What is needed. Only the lines from the one containing "- 411761 LEGRAND" through the final line below belong in the output, copied exactly and without pictures.

[Given material — start]

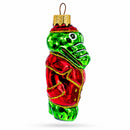 Crocodile in Red Jacket Glass Christmas Ornament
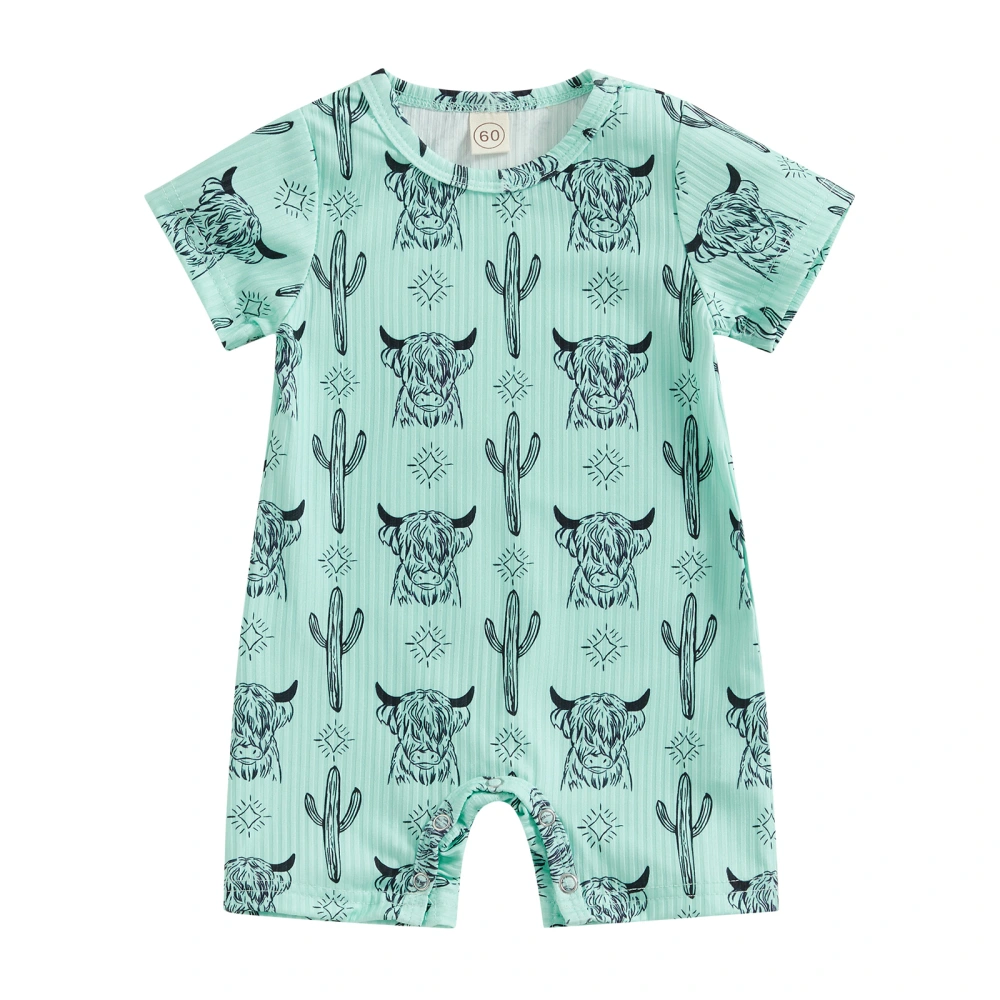 Baby Boys Summer Short Sleeve O Neck Cattle Head Print Playsuit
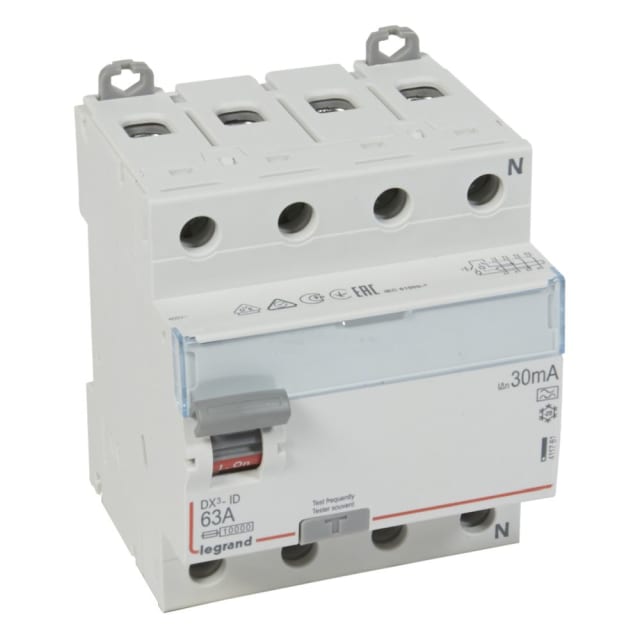 LEGRAND - Interrupteur différentiel DX³ 4P 30mA 63A Type A - 4 modules - 411761 LEGRAND - Interrupteur différentiel DX³ 4P 30mA 63A Type A - 4 modules - 411761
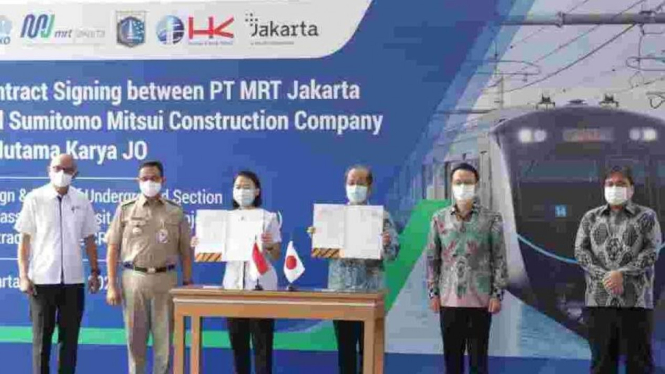 Penandatanganan kontrak kerja sama pembangunan MRT fase 2 A.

[Given material — finish]

Solution to this exercise.
 LEGRAND - Interrupteur différentiel DX³ 4P 30mA 63A Type A - 4 modules - 411761 LEGRAND - Interrupteur différentiel DX³ 4P 30mA 63A Type A - 4 modules - 411761
 Penandatanganan kontrak kerja sama pembangunan MRT fase 2 A.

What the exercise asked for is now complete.